Recursive file listing in java
Walking the tree the better way.
When the first version of this post was published, a search on the web for “recursive file java” returned only horrible examples on how to implement directory traversal. I published a version based on anonymous classes to improve on that. More than 10 years later it’s time to re-evaluate.
Using Streams
With File.walk
java has gotten a streaming API that visits the given path in a depth-first manner. The most commonly found example is simple and straight forward.
Files.walk(Paths.get(path))
.filter(Files::isRegularFile)
.forEach(System.out::println);
Unfortunately, a “hello world” example like this hides the shortcomings in real-world usage scenarios. While you can filter the emitted paths of the stream, there is no way to skip directories during traversal. Even worse - there is no way to gracefully handle exceptions that are bound to happen. With Files.find
you can pass in a predicate that might help to reduce redundant retrieval of file attributes - but other than that it suffers from the very same problems. I’d recommend avoiding both API methods because of that.
Using the Visitor
This leaves us with Files.walkFileTree
which accepts a FileVisitor
instead of returning a stream.
FileTraversal visitor = new FileTraversal();
Files.walkFileTree(Paths.get("/"), visitor);
I’ve never been a fan of the formal implementation of the Visitor pattern and even extending the SimpleFileVisitor
only helps to reduce some of the cruft of the interface.
public class FileTraversal extends SimpleFileVisitor<Path> {
public FileVisitResult preVisitDirectory(Path dir, BasicFileAttributes attrs)
throws IOException {
return onDirectory(dir, attrs)
? FileVisitResult.CONTINUE
: FileVisitResult.SKIP_SUBTREE;
}
public FileVisitResult visitFile(Path file, BasicFileAttributes attrs)
throws IOException {
onFile(file, attrs);
return FileVisitResult.CONTINUE;
}
public boolean onDirectory(Path dir, BasicFileAttributes attrs) {
return true;
}
public void onFile(Path file, BasicFileAttributes attrs) {
}
public void traverse( Path dir ) throws IOException {
Files.walkFileTree(dir, this);
}
}
new FileTraversal() {
public boolean onFile(Path dir, BasicFileAttributes attrs) {
System.out.println("dir: " + dir);
return true;
}
public void onFile(Path file, BasicFileAttributes attrs) {
System.out.println("file: " + file);
}
}.traverse(Paths.get("/"));
By basing off the SimpleFileVisitor
it comes quite close to the original version using the old File interface. Except that I find the old code still much easier to read and understand. I do believe, in comparison, the old code has aged gracefully.
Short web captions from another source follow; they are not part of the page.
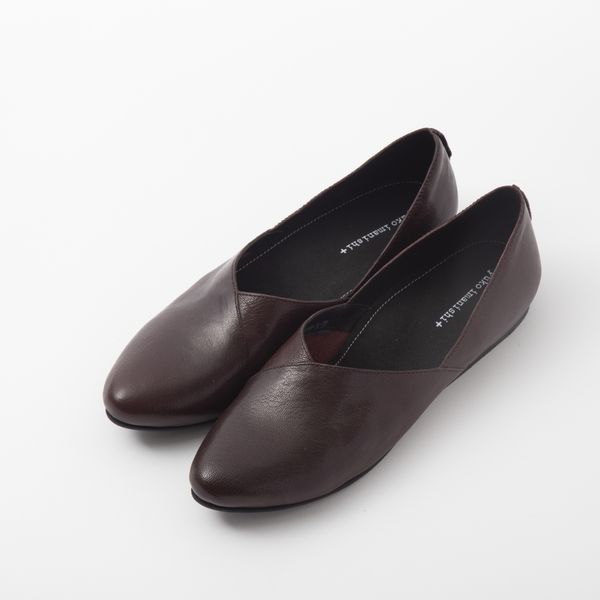 yuko imanishi+ IBUKI フラットシューズ　38 黒 yuko imanishi＋/IBUKI -履き心地はまるでスニーカー！美シルエットの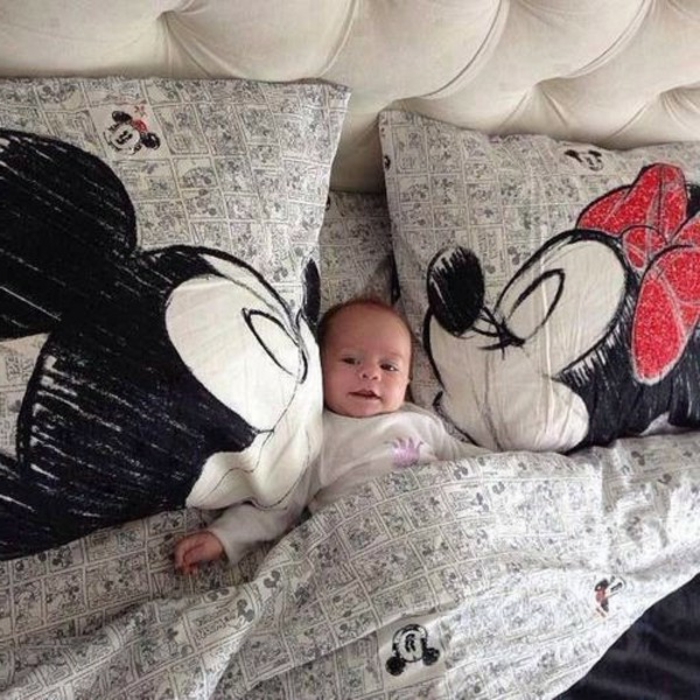 chambre-à-coucher-taie-oreiller-taille-oreiller-taie-traversin-mickey-et-minnie-mouse-embrasse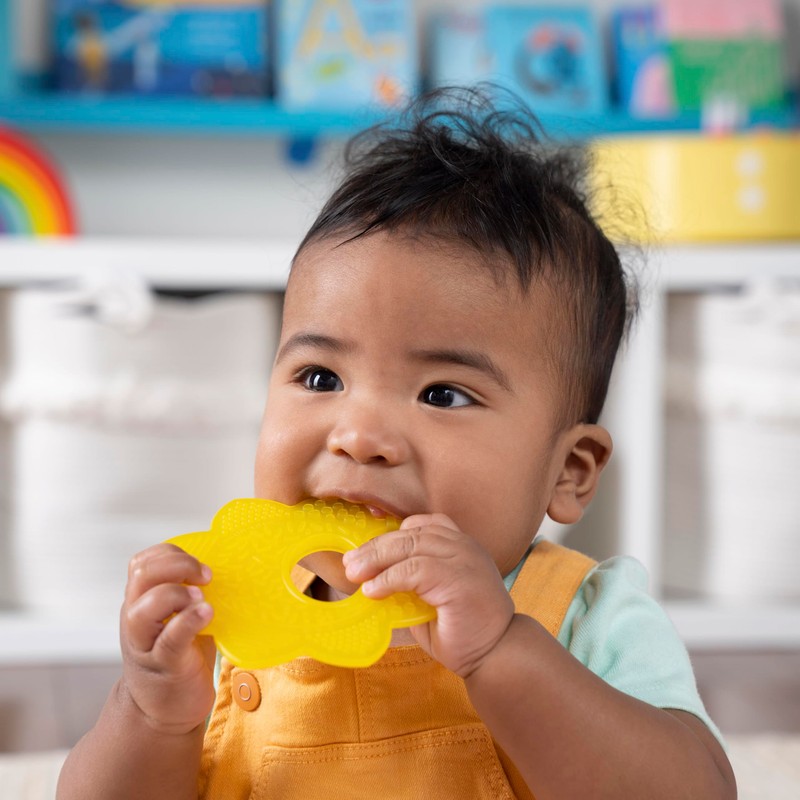 Bright Starts, Teeth Relief 8-Piece Gift Set - BPA-Free Baby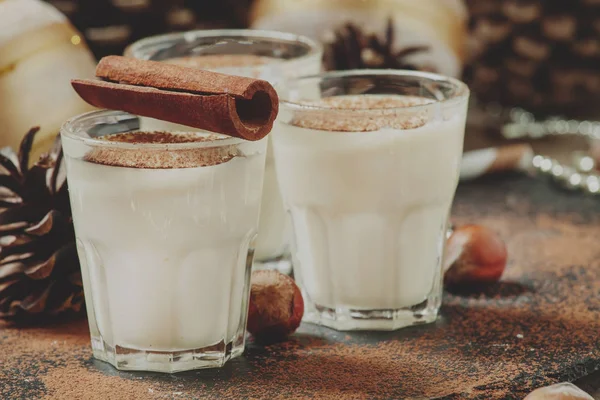 Eierlikör Mit Milch Zimt Geriebener Muskatnuss Verziert Mit Tannenzapfen Perlen — Stockfoto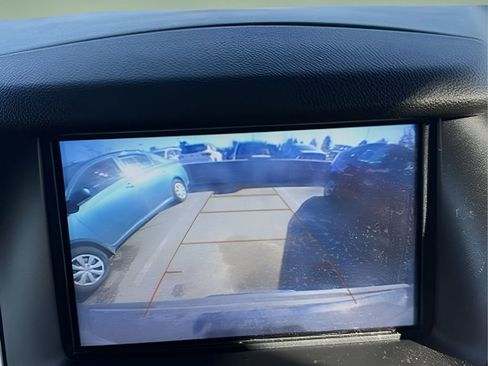 Used 2018 GMC Yukon SLE image 29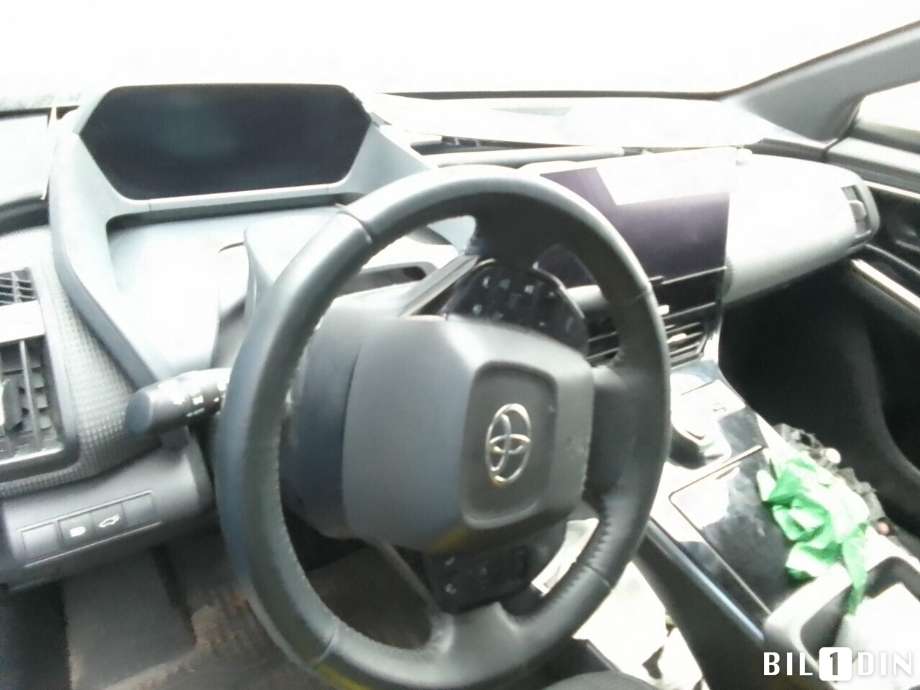 Toyota bZ4X 2022-->> , Motorkode: , Girkassekode:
public class FileTraversal {
public final void traverse( File f ) throws IOException {
if (f.isDirectory()) {
if (onDirectory(f)) {
File[] childs = f.listFiles();
for( File child : childs ) {
traverse(child);
}
return;
}
}
onFile(f);
}
public boolean onDirectory( File d ) {
return true;
}
public void onFile( File f ) {
}
}
While the anonymous class approach never felt great it was quite effective. Despite being a believer in delegation over inheritance, I could not come up with a concise version that mirrors the clear elegance.
Conclusion
What would should you use today? A fluent API implementation of the FileVisitor
interface in combination with lambdas is probably the most compact version as of today - if you think about the usage and don’t look at the bloated implementaion that is.
new FileTraversal()
.onDir((path, attrs) -> {
return true;
})
.onFile((path, attrs) -> {
System.out.println(path);
})
.traverse(path);
At least in theory the visitor approach should also allow for some easy paralelisation. If you enjoy simplicity I’d argue there is no need to replace the old code - unless you have a good reason to. If performance is a major concern it might be worth to consider the upgrade.